══ STORED DATA ══

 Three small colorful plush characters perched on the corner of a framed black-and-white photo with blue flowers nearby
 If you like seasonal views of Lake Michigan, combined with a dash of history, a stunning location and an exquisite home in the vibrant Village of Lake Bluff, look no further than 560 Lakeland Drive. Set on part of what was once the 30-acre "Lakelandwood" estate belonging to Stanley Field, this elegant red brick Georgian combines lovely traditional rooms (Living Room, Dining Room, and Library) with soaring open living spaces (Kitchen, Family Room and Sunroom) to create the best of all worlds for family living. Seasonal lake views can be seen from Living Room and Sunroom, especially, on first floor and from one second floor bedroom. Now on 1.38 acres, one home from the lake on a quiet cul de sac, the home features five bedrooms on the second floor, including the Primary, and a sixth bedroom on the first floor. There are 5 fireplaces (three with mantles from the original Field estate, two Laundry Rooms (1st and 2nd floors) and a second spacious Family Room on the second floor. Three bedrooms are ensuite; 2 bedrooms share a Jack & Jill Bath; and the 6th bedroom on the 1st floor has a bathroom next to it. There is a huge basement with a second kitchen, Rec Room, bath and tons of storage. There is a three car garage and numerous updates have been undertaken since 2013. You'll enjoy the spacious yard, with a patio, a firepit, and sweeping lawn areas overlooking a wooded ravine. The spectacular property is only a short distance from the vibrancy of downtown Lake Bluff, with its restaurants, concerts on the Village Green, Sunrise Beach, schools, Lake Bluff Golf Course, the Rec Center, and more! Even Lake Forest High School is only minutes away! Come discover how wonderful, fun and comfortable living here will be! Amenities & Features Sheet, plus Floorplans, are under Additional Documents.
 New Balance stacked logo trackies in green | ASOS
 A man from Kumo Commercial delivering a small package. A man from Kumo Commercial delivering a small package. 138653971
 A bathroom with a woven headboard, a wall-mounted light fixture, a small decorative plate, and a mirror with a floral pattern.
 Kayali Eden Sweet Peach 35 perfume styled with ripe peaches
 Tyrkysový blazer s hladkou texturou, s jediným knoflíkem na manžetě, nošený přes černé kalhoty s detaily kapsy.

═══

Begin with the line that contains "New Balance stacked" and quote each line after it exactly, stopping after the last line of the data.

 New Balance stacked logo trackies in green | ASOS
 A man from Kumo Commercial delivering a small package. A man from Kumo Commercial delivering a small package. 138653971
 A bathroom with a woven headboard, a wall-mounted light fixture, a small decorative plate, and a mirror with a floral pattern.
 Kayali Eden Sweet Peach 35 perfume styled with ripe peaches
 Tyrkysový blazer s hladkou texturou, s jediným knoflíkem na manžetě, nošený přes černé kalhoty s detaily kapsy.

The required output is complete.